Policies for vulnerable groups: The Irish government supports disadvantaged children to access ECCE services through targeted childcare subsidies catering to low-income families, prioritizing children most at risk of not reaching their full education potential in the Early Start Program (including children with disabilities), the Access and Inclusion Mode (AIM). AIM (administered by the DCEDIY) is a child-centred model, specifically designed to ensure that children with disabilities are able to access the ECCE program in mainstream preschool settings, offering tailored, practical support based on need. Its aim is to empower service providers to deliver an inclusive preschool experience, with a dedicated Inclusion Charter and Guidelines offering information on how to supply the model and support.
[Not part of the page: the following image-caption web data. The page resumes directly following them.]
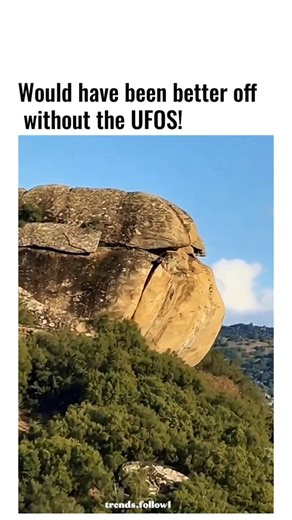 Viral Trending content on Instagram: "This X post shares a 12-second video of a black car gliding through a sunlit natural rock overhang amid lush greenery, creating a satisfying, ASMR-like drive that evokes peaceful exploration in a rugged landscape. The footage's high contrast—bright sandstone arch against the dark vehicle—sparks viral humour in replies, with users joking about UFO sightings, alien bases, or "Open Sesame" cave entrances, boosting 2.8 million views in 48 hours. Posted by @noteb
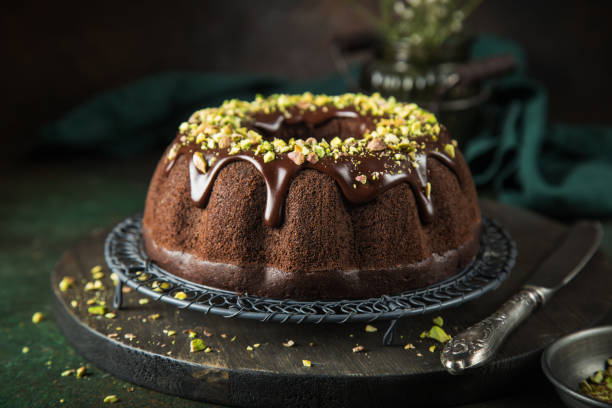 pastel chocolate con glaseado de chocolate y pistachos - chocolate bundt cake fotografías e imágenes de stock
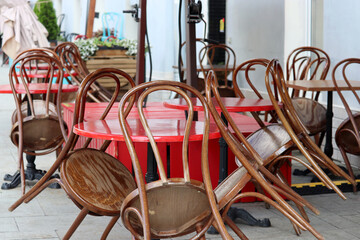 Street cafe with empty tables and folded chairs outdoor, city during coronavirus pandemic
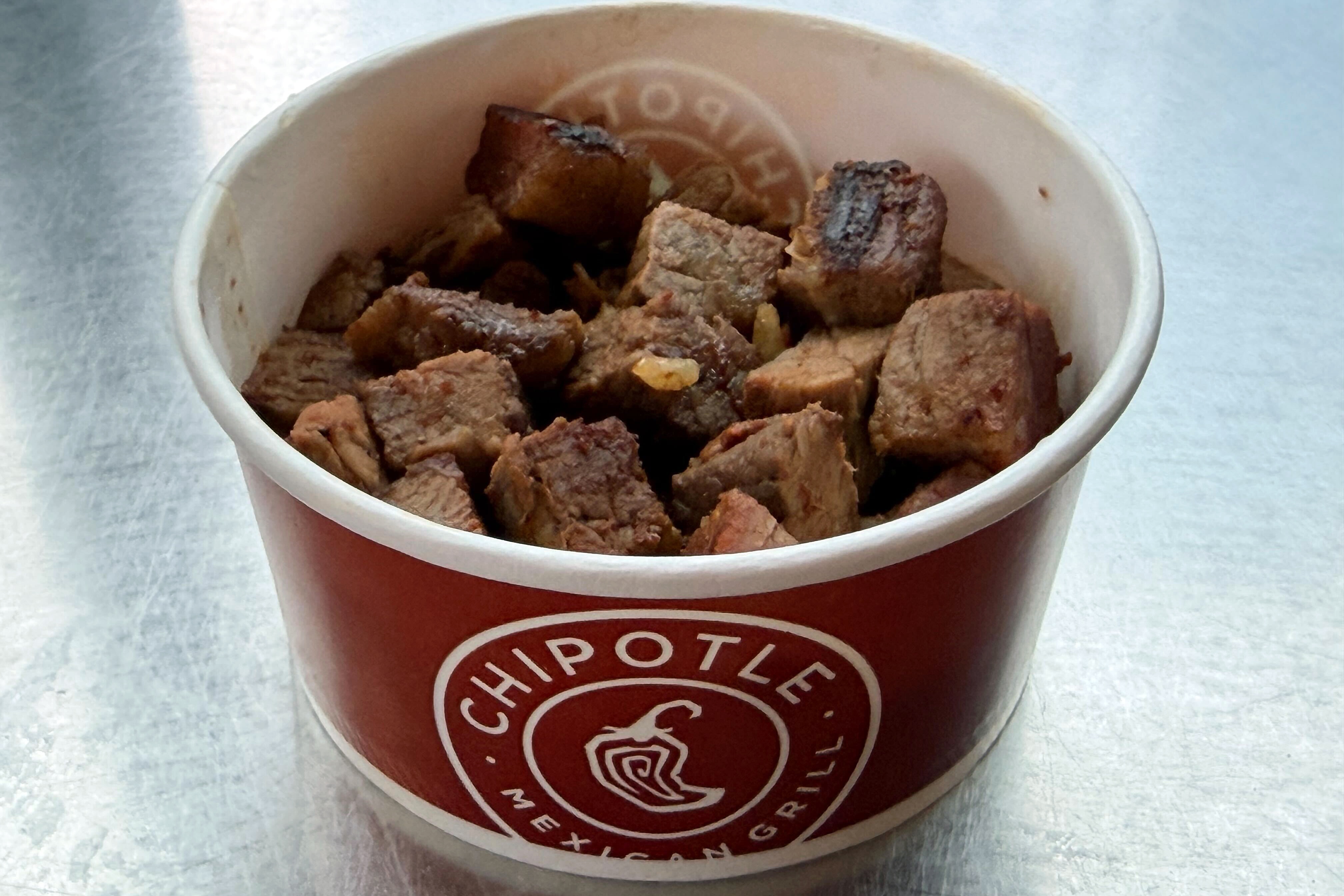 Chipotle unveiled its “first-ever high protein” menu on Dec. 23. One of the offerings is a snack-size cup of cubed steak that has 21 grams of protein and looks like what you'd feed a dog for its birthday.
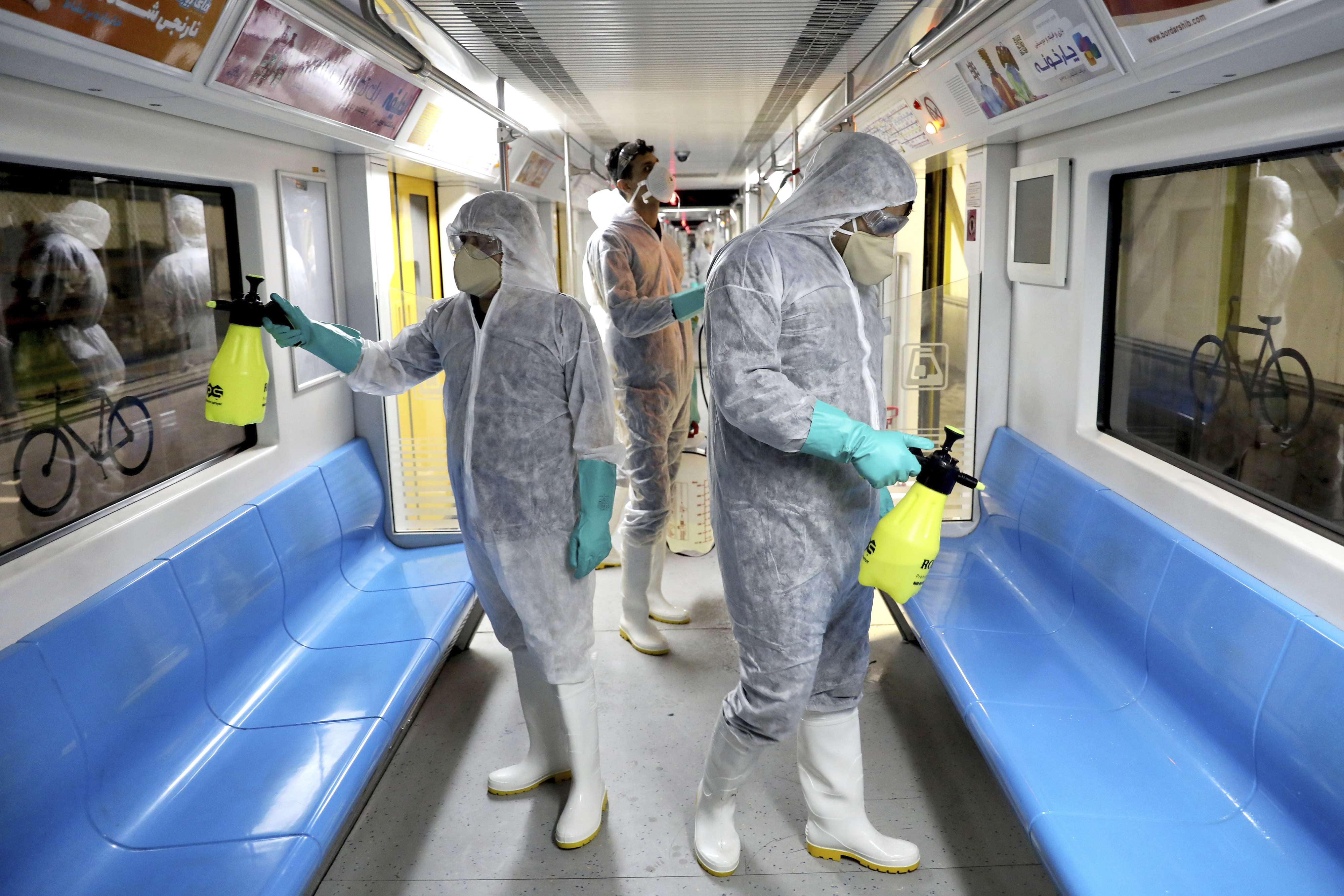 Iranian workers disinfect train amid coronavirus fears
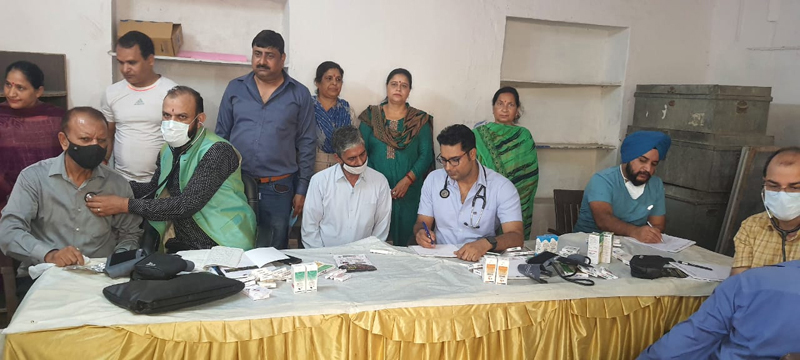 HoD Cardiology GMC & SSH Jammu Dr Sushil Sharma examining patients at R N Pura in Jammu on Sunday. HoD Cardiology GMC & SSH Jammu Dr Sushil Sharma examining patients at R N Pura in Jammu on Sunday.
Quality assurance, monitoring and accountability
Reporting requirements: All registered ECCE providers must carry out annual reviews of the quality and safety of care provided to children attending the service and maintain a record of such reviews for a period of 3 years, as stipulated in the Child Care Act 1991 (Early Years Services) Regulations 2016. The Síolta Quality Assurance Program was developed to assist ECCE providers in their self-assessment process. Providers are also financially accountable to the Child and Family Agency under the Child and Family Agency Act 2013, which monitors the grant-in-aid received and requires all providers to keep records of their income and expenditure and submit their accounts for audit. Any records kept must be open for inspection by the Agency at any time and in the case of child records, by the parents or guardians. Finally, the Síolta Quality Assurance Program was developed to assist ECCE providers in their self-assessment process.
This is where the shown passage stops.